◆ **Material for this exercise**
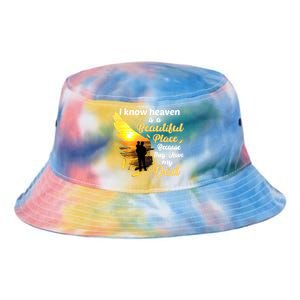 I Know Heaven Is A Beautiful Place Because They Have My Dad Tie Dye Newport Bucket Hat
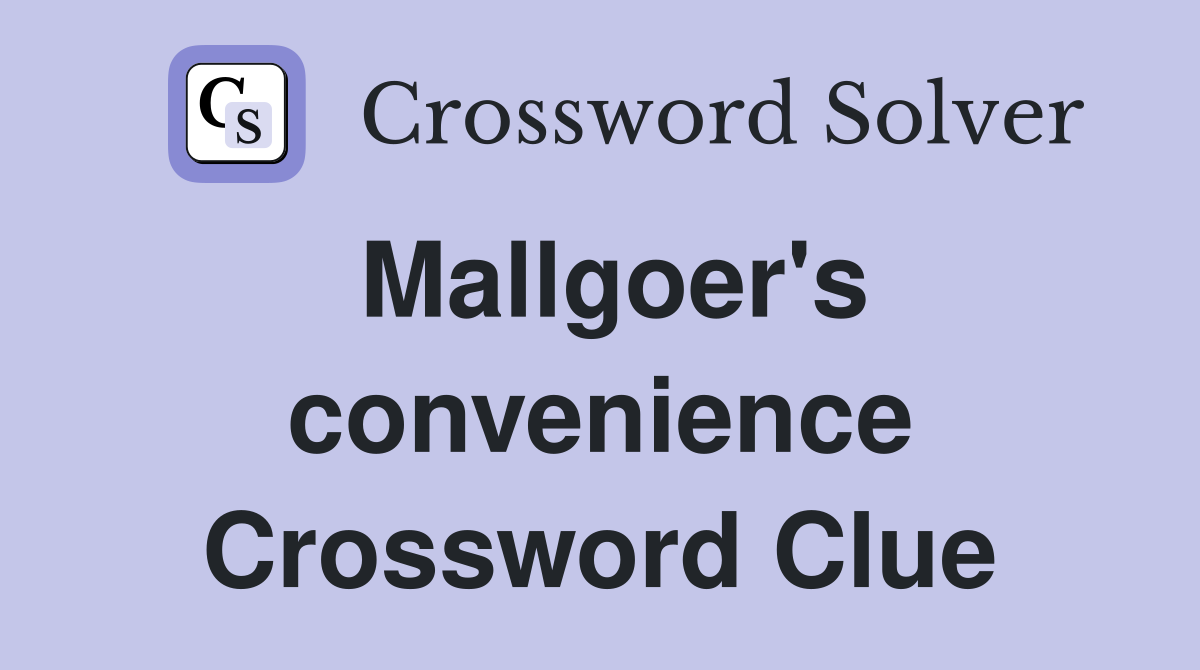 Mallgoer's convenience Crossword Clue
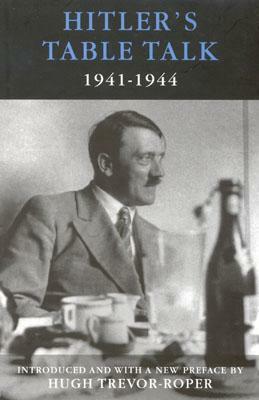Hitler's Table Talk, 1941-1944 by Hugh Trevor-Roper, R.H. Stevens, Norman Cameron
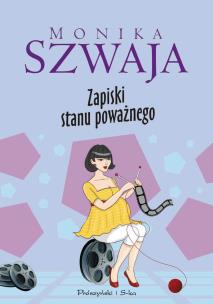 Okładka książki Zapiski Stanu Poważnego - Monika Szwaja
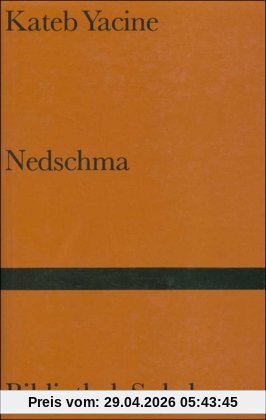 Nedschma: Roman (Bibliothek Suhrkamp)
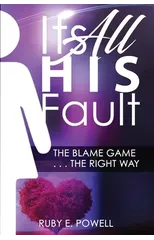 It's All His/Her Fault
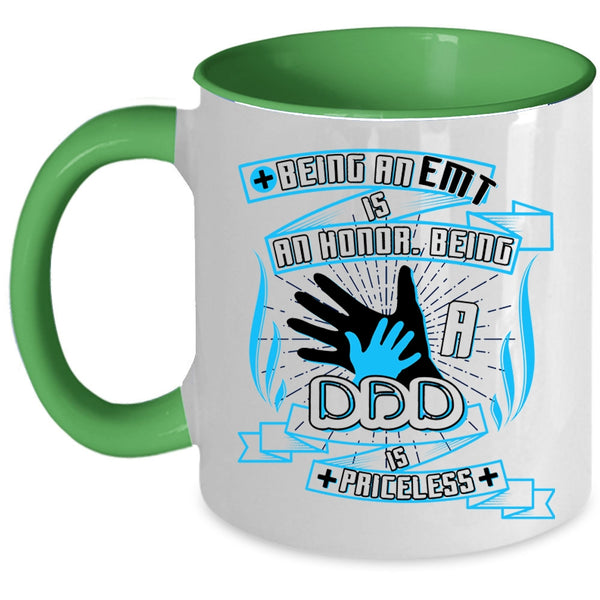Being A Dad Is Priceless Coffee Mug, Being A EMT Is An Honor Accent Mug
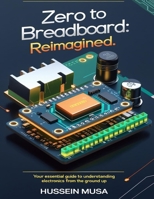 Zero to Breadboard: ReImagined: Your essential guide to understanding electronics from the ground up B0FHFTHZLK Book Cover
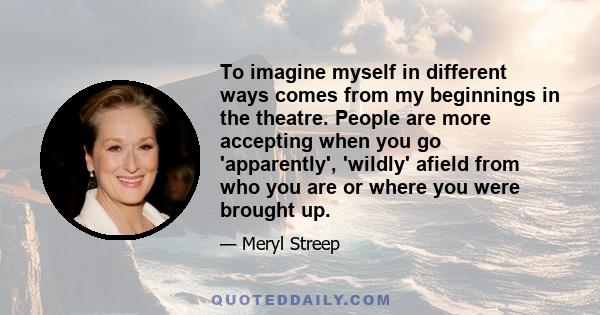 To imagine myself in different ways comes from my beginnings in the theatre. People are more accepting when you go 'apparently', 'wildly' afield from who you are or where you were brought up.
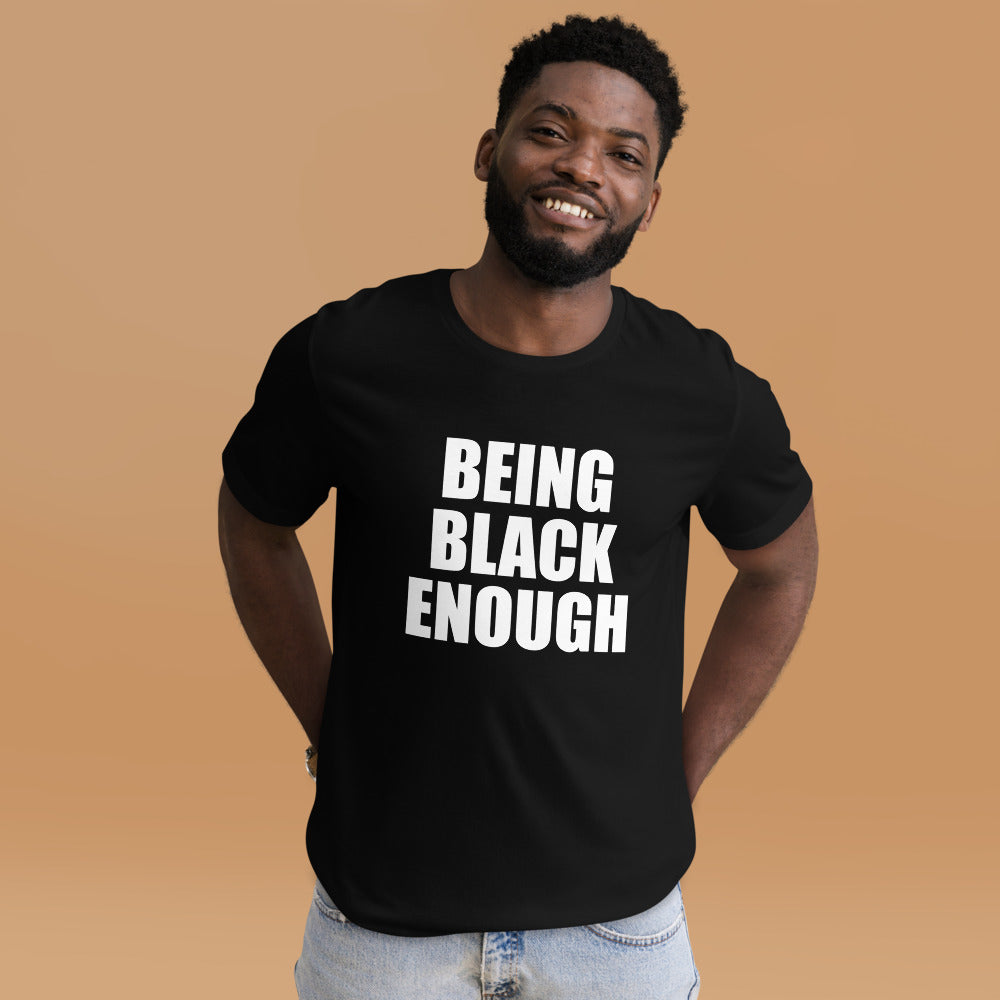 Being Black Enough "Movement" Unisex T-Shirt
* * *
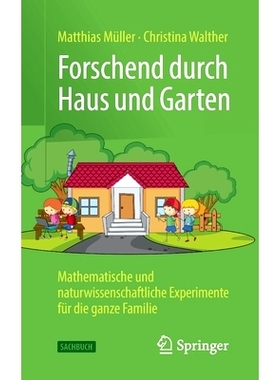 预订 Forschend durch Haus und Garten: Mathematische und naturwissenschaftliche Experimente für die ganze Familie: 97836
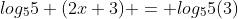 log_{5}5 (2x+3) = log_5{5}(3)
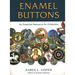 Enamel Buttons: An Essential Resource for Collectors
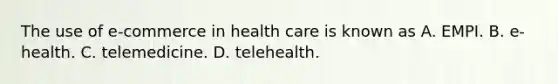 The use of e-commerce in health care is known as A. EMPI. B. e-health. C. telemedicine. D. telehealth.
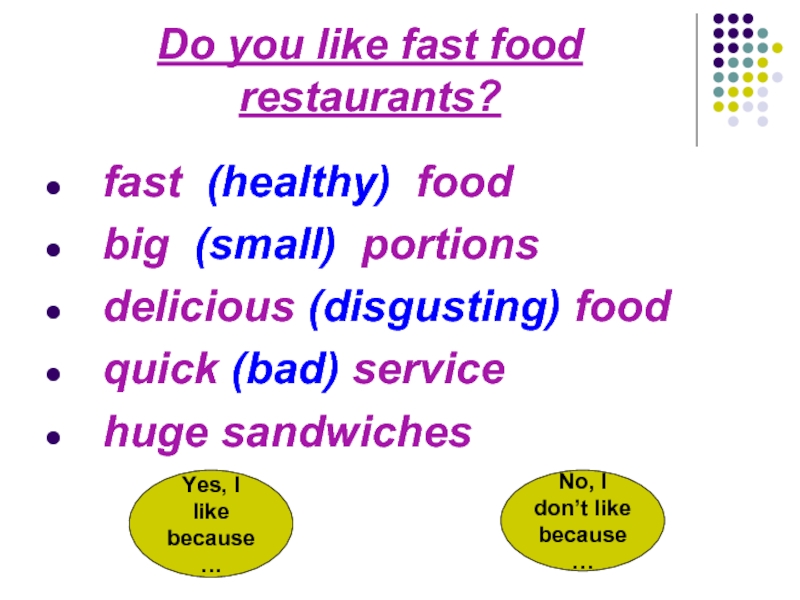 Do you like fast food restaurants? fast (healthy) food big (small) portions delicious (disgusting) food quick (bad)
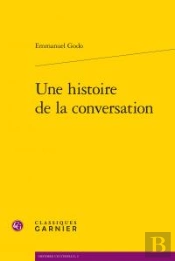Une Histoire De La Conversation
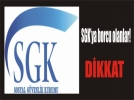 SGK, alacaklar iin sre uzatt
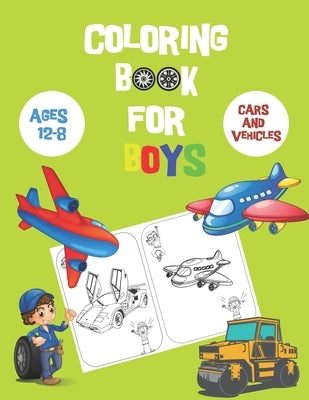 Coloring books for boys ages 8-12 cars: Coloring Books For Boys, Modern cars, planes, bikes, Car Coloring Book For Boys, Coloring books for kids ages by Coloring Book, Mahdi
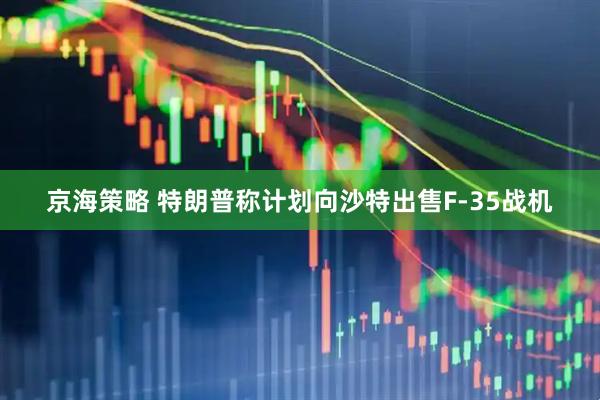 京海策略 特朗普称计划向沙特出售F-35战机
* * *
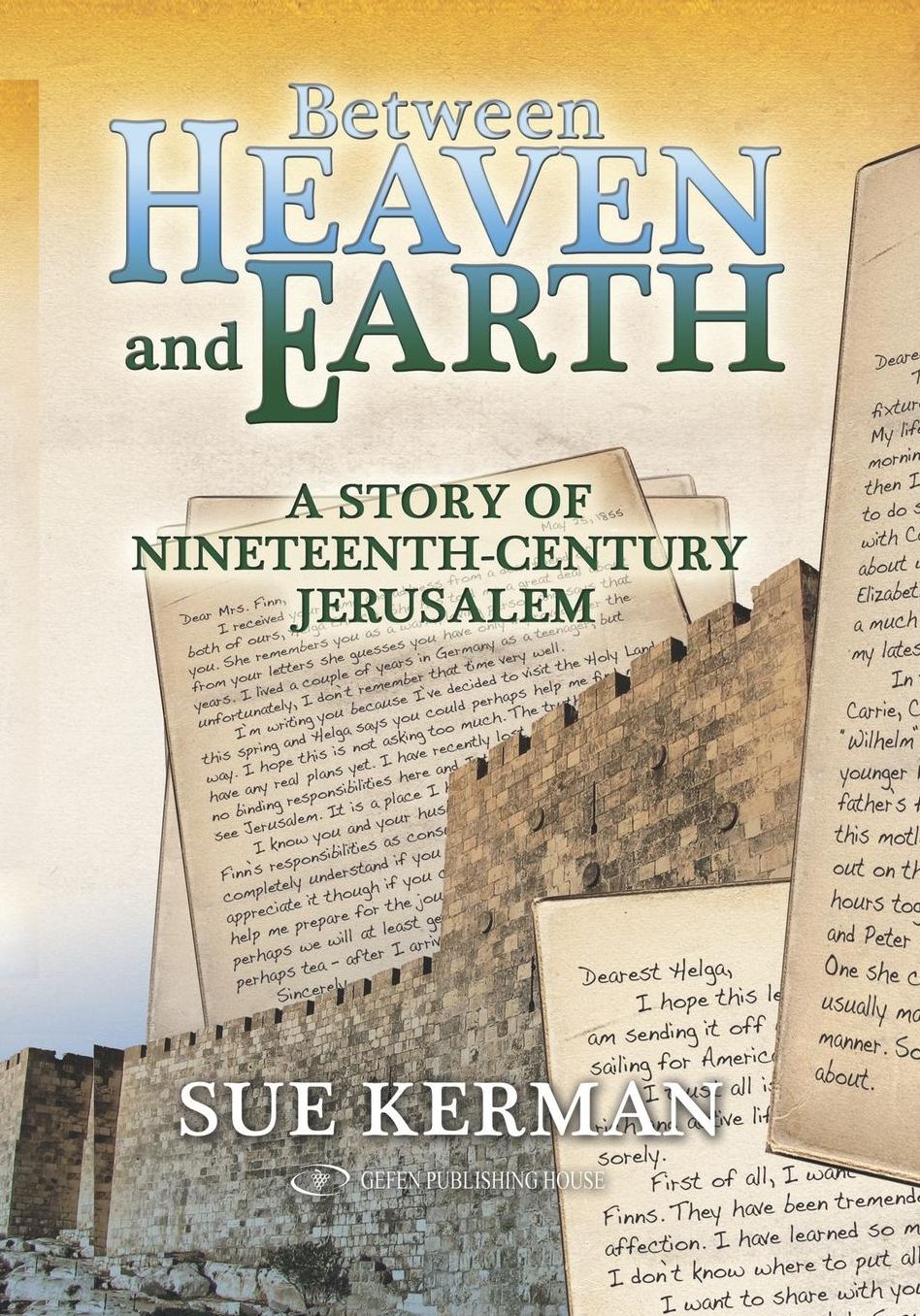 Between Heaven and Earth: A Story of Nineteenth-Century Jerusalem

◆ **Task details**
Because only one stretch of the records is wanted, please output the lines from the one holding "Being A Dad" through the one holding "Being Black Enough" exactly, both included, and leave every picture out.

◆ **Exercise solution**
Being A Dad Is Priceless Coffee Mug, Being A EMT Is An Honor Accent Mug
 Zero to Breadboard: ReImagined: Your essential guide to understanding electronics from the ground up B0FHFTHZLK Book Cover
 To imagine myself in different ways comes from my beginnings in the theatre. People are more accepting when you go 'apparently', 'wildly' afield from who you are or where you were brought up.
 Being Black Enough "Movement" Unisex T-Shirt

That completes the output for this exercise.